Exclusive: Interview With a Belgian Terror Survivor

Rescue workers treat victims at the Brussels airport, in this screencap taken from TV video. (Reuters/RTL Belgium via Reuters TV)
Rescue workers treat victims at the Brussels airport, in this screencap taken from TV video. (Reuters/RTL Belgium via Reuters TV)

Reb Shaya from Antwerp was in the Brussels airport en route to New York to attend a grandchild’s bris when the explosions occurred.

“You can’t imagine what was going on there,” he told Hamodia. “Thousands of people were running in panic. We were all scared there would be more bombs.”

By the time the explosions occurred, at about 8:10 a.m., Reb Shaya had already checked in for his flight when he heard a series of loud blasts.

“We heard boom-boom-boom — I thought it was shooting,” he said.

Reb Shaya said that baruch Hashem, a number of factors had kept him out of harm’s way during the attacks.
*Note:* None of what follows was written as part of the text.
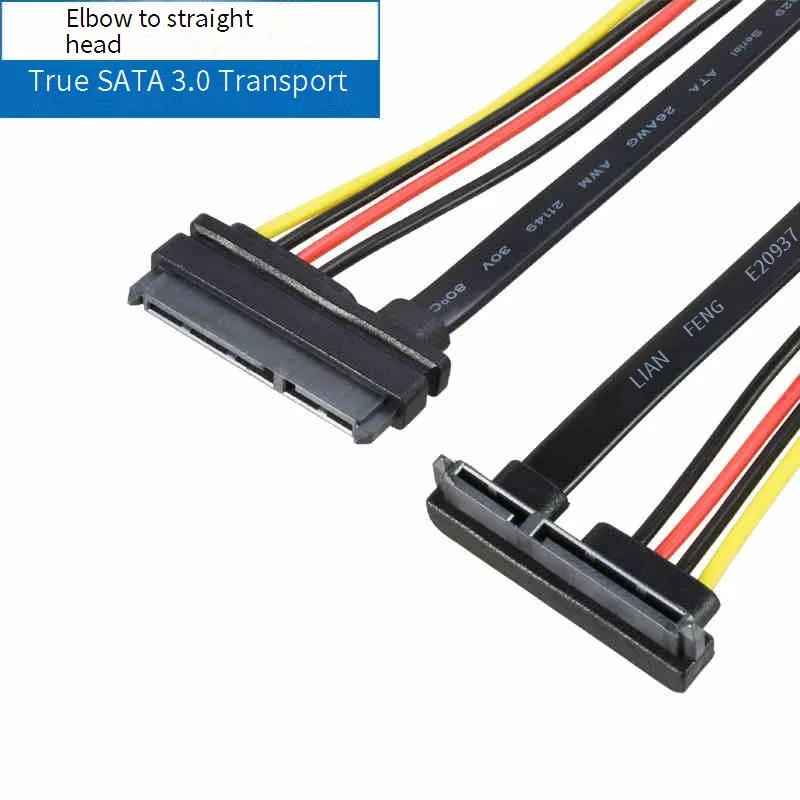 

15cm SATA 22 Pin Male To Female 90 degrees Sata Extension Cable SATA 6Gb/s 22 Pin Male to Female 7+15 Pin SATA Data HDD Power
His insistence on arriving for flights at least two hours before departure time, a traffic-free trip from Antwerp, the decision to choose a 9:30 a.m. flight over another scheduled to leave a half hour later — all led to his being a safe distance away from the site of the explosions. He added that his choice of a European airline rather than an American carrier was part of the hashgachah that allowed him to escape the ordeal unharmed.

In the moments after the blasts, Reb Shaya said, the airport was a scene of total chaos.

“No one was prepared for this, the staff and security people did not know what to do — everybody said to go in a different direction,” he said.

As a semblance of order took hold, airport staff promptly evacuated the terminals, first directing the thousands who were at the scene outside and then into airplane hangars to wait while the area was secured. Those who had arrived on planes that morning were kept on aircraft for hours.

“Every hangar had thousands of people in it, people sitting everywhere — on the floor and on suitcases,” said Reb Shaya.

After coming to understand that it would be a few hours before they were allowed to go anywhere, he and a group of other Jewish travelers formed a minyan for Shacharis.

“Since I had already checked in, I had my tallis and tefillin with me, but a lot of people didn’t because [after the explosions occurred] security took away a lot of people’s hand baggage.”

After nearly six hours in the hangars, those who were at the airport were taken by bus to points where they could board trains or get picked up by friends or family to return to their homes.

“It’s a terrible rachmanus — all the people that got hurt and killed — totally innocent people. I had just been dealing with a lot of the staff in the airport, they were all such nice people,” said Reb Shaya. “The whole place [airport] is a churban, the windows and ceilings are broken all over.”

Reb Shaya inquired about the possibility of rescheduling his flight, but was told it would most likely be impossible for at least a week.

“Someone asked me how I was going to get my luggage back. I told them, forget my suitcase, Baruch Hashem I’m here.”